Prompt: Extract the lines of the material below, beginning with the first and ending with the line that holds "Appointment Book/Planner 2026". Skip every picture.

== Extracted data ==

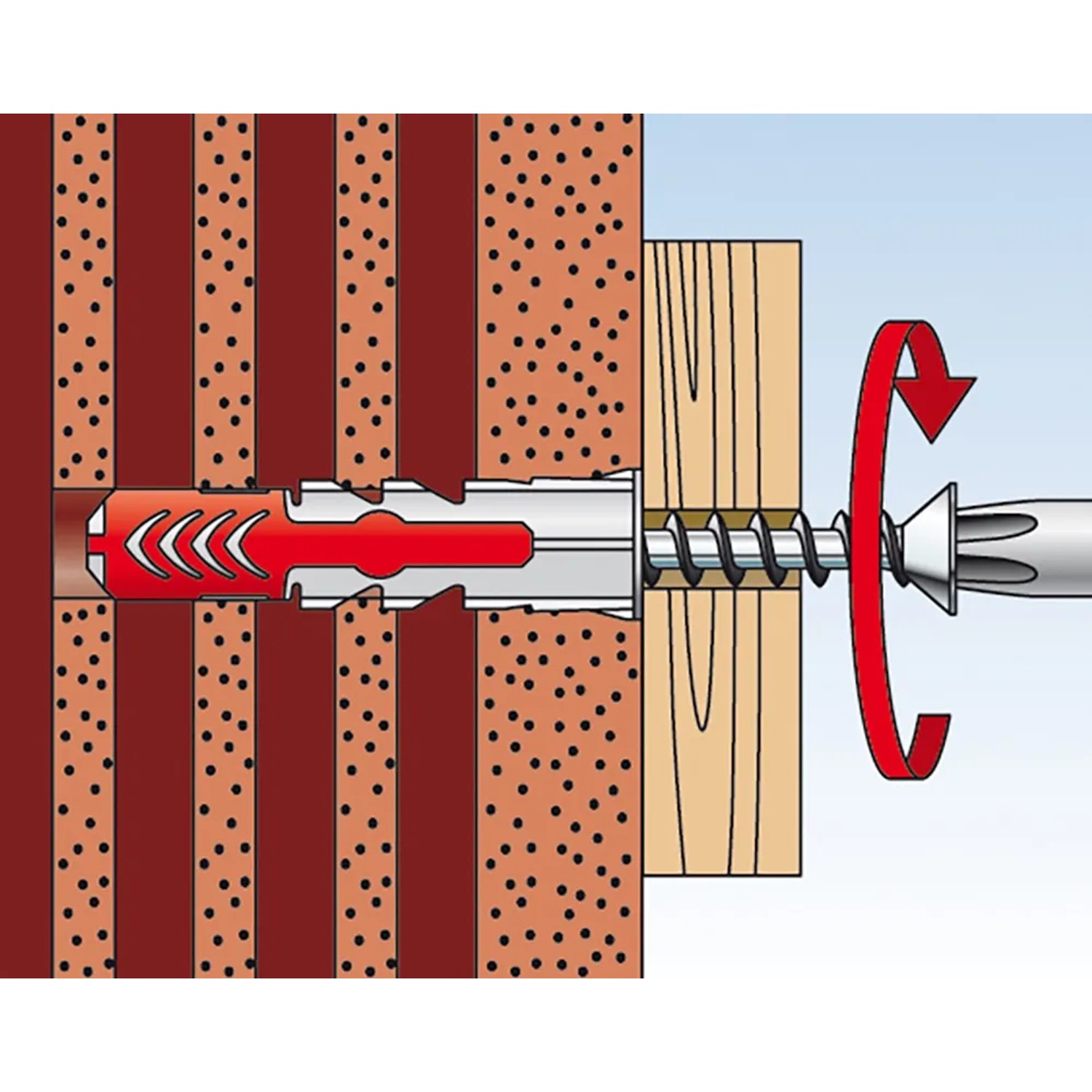 Illustrazione: Tassello Fischer Duopower 6x50 con vite in muratura e legno, rotazione rossa.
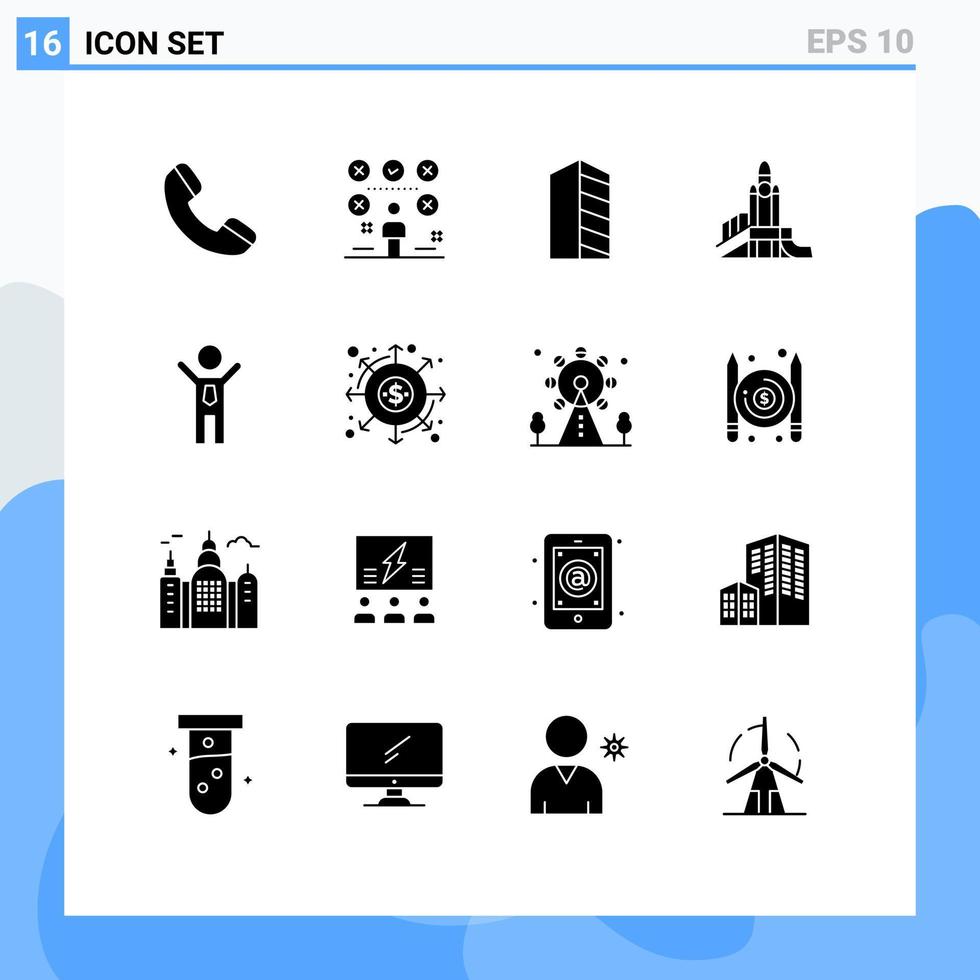 grupo de dieciséis moderno sólido glifos conjunto para político nuclear edificios juegos real inmuebles editable vector diseño elementos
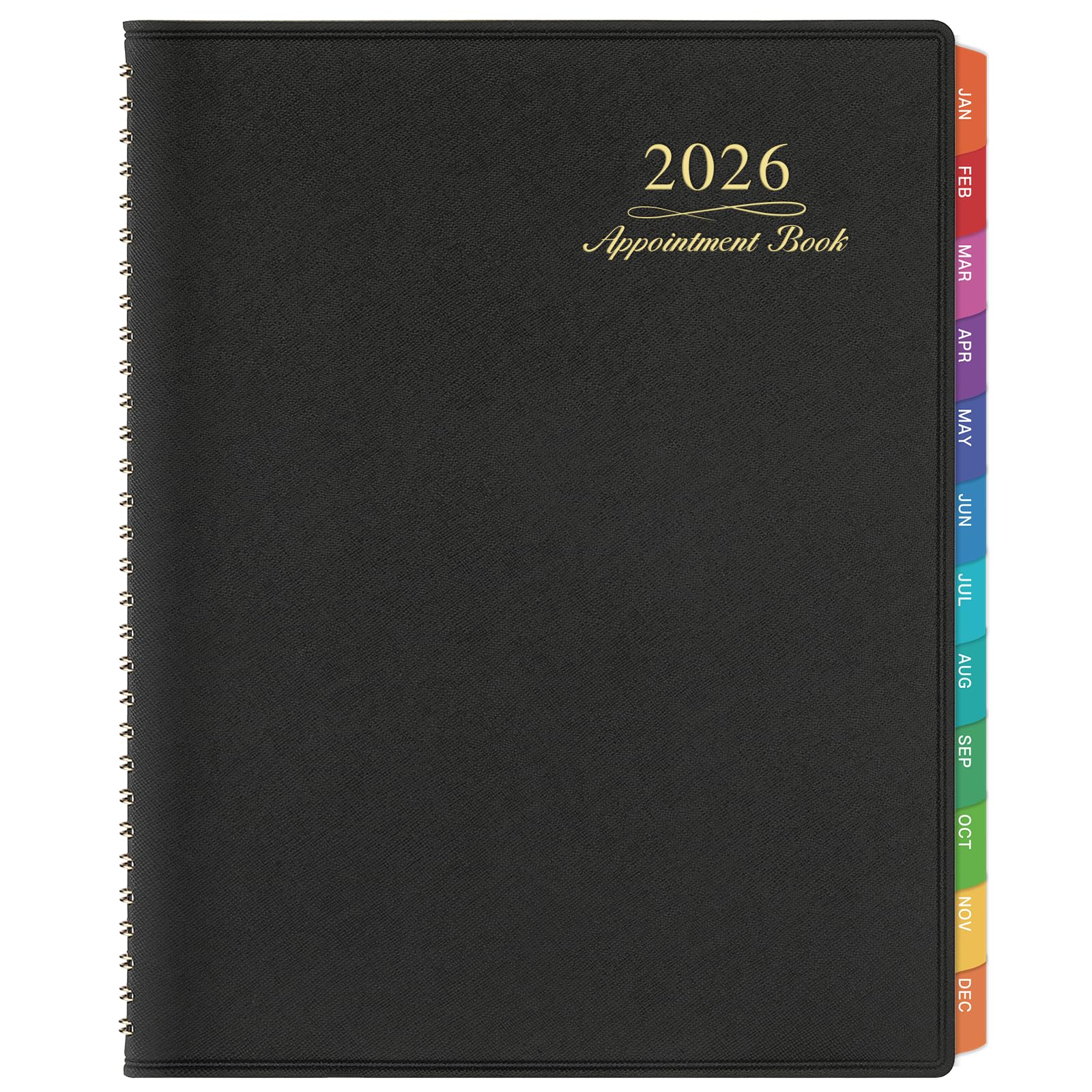Appointment Book/Planner 2026 - Weekly Appointment Book 2026, January 2026 - December 2026, Daily/Hourly Planner with Tabs, 15 Minutes, 8.26" x 11.4", Wirebound - Black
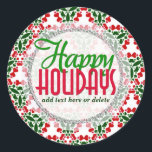 Adesivo Redondo Geo Country Love Christmas Gift label Sticker<br><div class="desc">Adesivos de acabamento brilhante personalizáveis | Padrão cardíaco de amor festivo vermelho em cores de Natal de vermelho, verde e branco. Personalize este adesivo redondo personalizável com suas saudações ou nome e detalhes de endereço. Também é perfeito para usar esses adesivos brilhantes de Natal como etiquetas de presentes, colar em...</div>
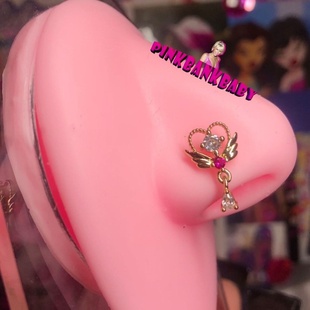 欧美外贸ins辣妹锆石吊坠L型鼻钉穿刺饰品Dangling Nose Ring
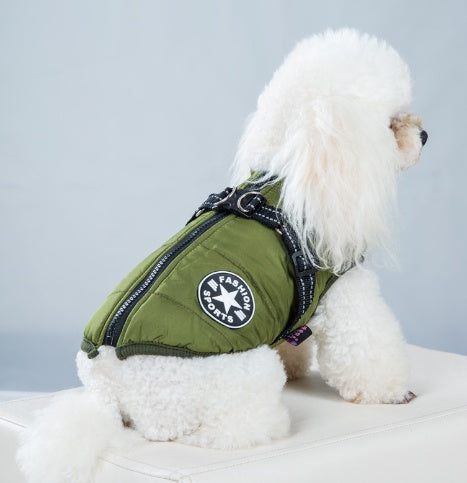 Warm Dog Coat with Reflective Design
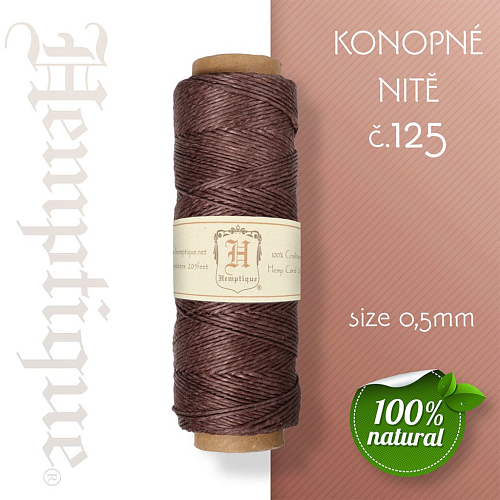 Konopná nit HEMP CORD síla nitě 0,5mm. METRÁŽ Barva č.125 Hnědá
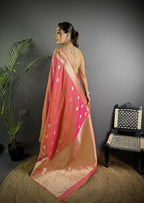 Joban Fashion Light Pink Banarasi Soft Lichi Silk Paisley Saree - Distacart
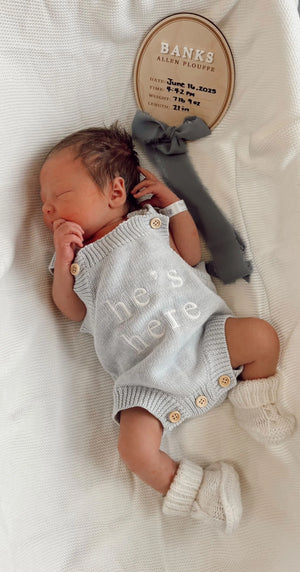 He's here - Mini Knit Romper - Powder Blue - Blossom & Pear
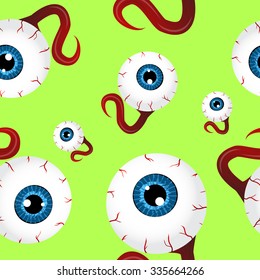Human eyeballs over green background. Seamless pattern. Funny cartoon pattern. Halloween idea.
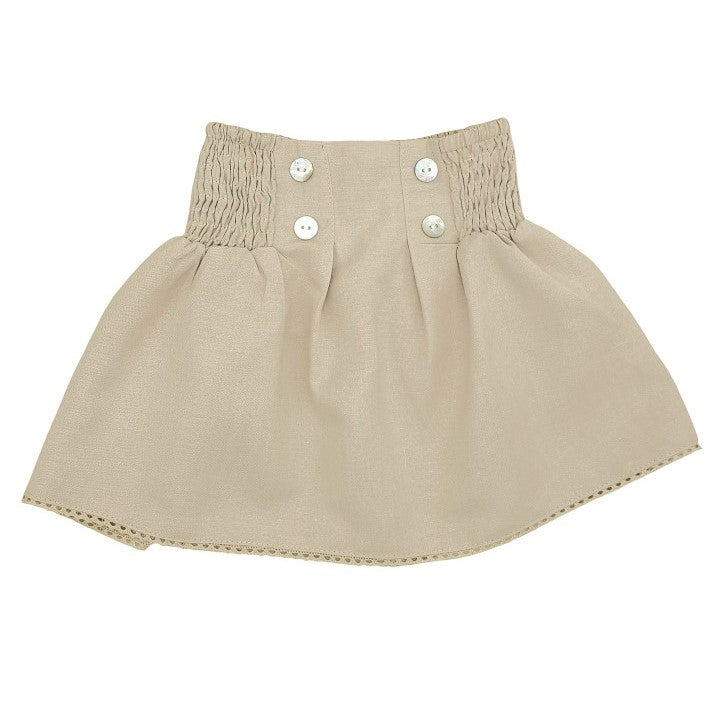Girl Beige Linen Skirt with Lace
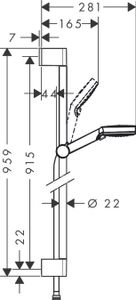 Hansgrohe Crometta Vario Doucheset 90 Cm. Ecosmart Wit-chroom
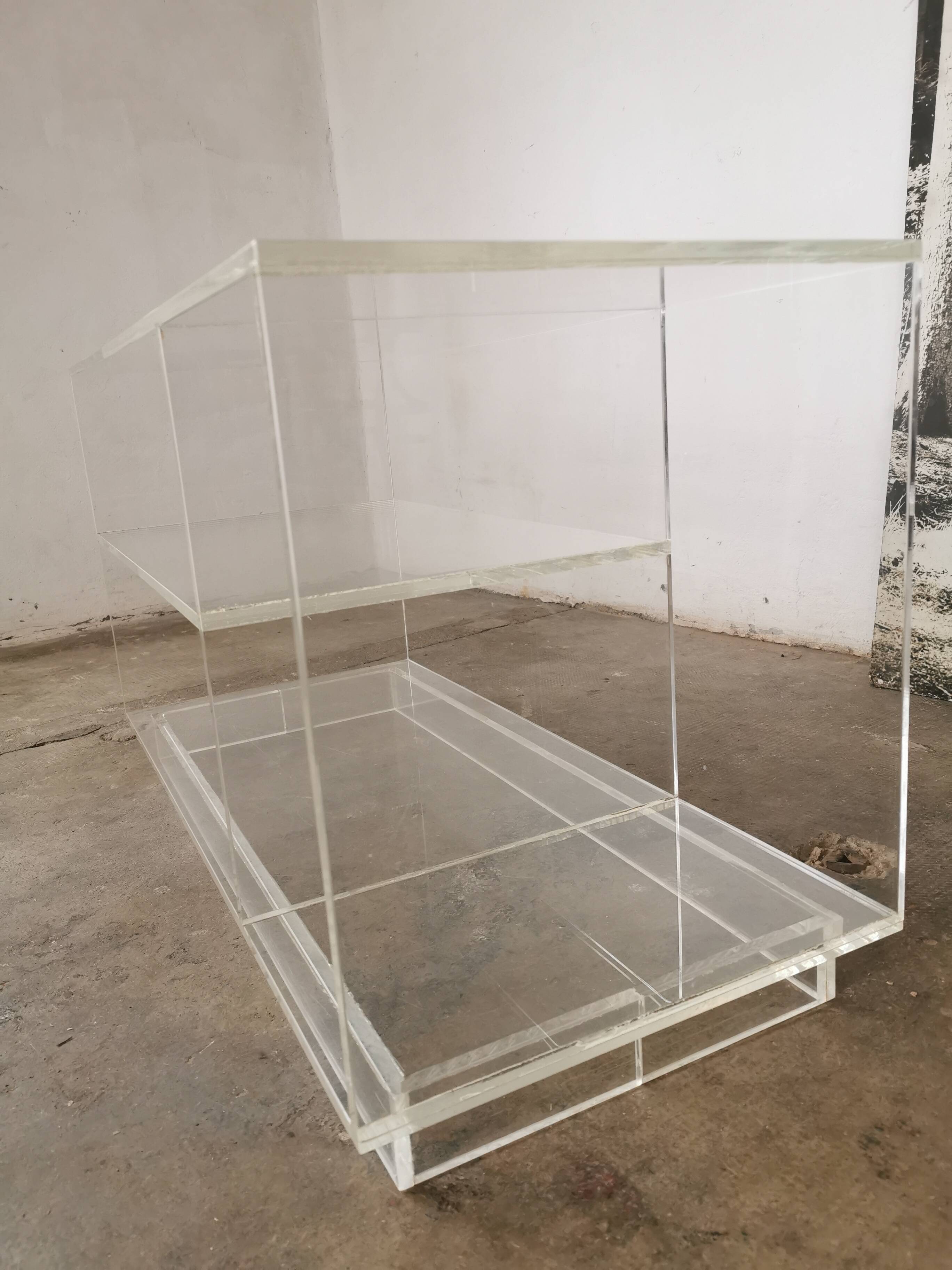 80s plexiglass hi-fi furniture shelf
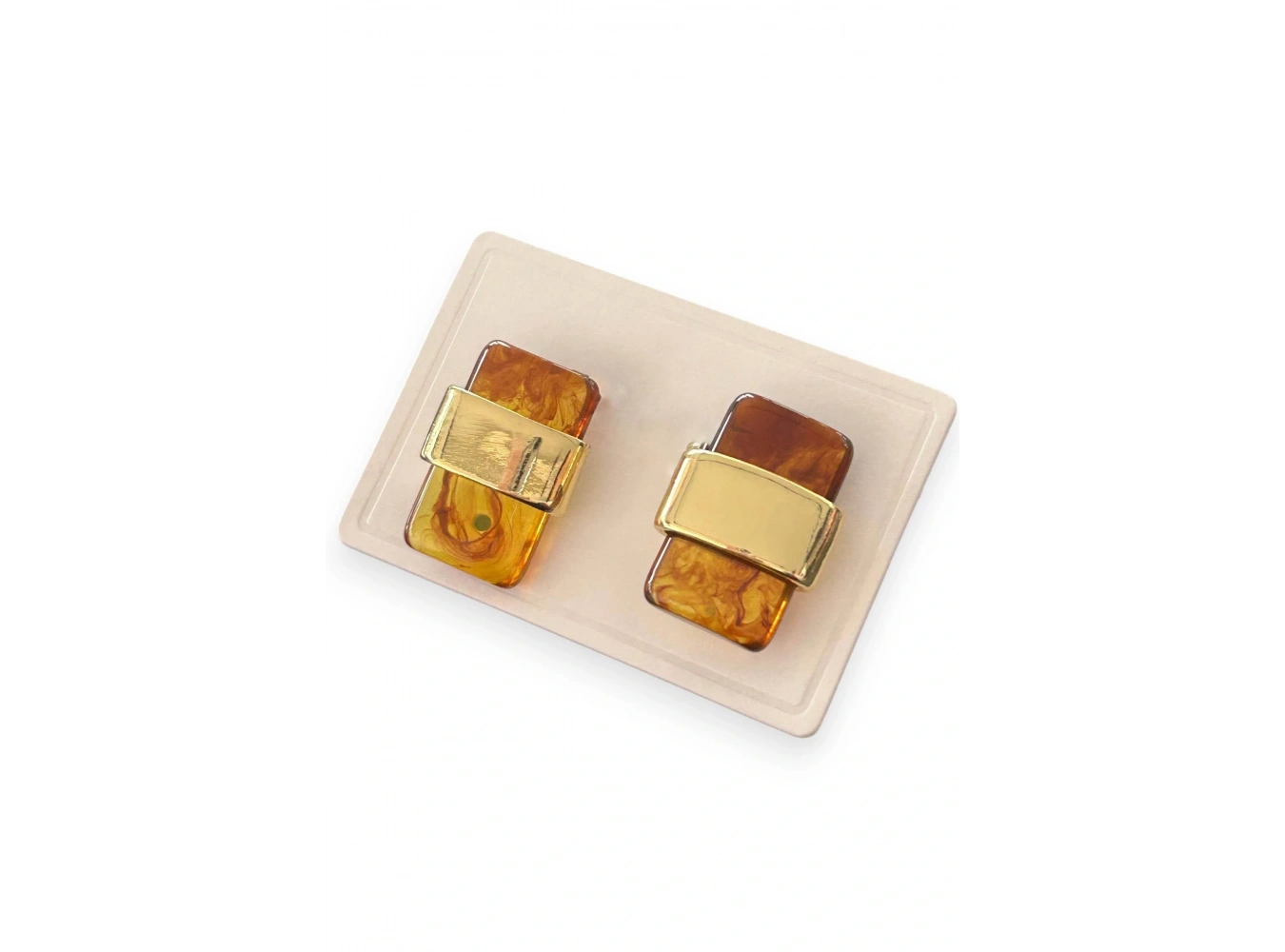 Altın Ve Kahve Renk Taş Detaylı Küpe (Çift)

===

Answer below:
 Illustrazione: Tassello Fischer Duopower 6x50 con vite in muratura e legno, rotazione rossa.
 grupo de dieciséis moderno sólido glifos conjunto para político nuclear edificios juegos real inmuebles editable vector diseño elementos
Appointment Book/Planner 2026 - Weekly Appointment Book 2026, January 2026 - December 2026, Daily/Hourly Planner with Tabs, 15 Minutes, 8.26" x 11.4", Wirebound - Black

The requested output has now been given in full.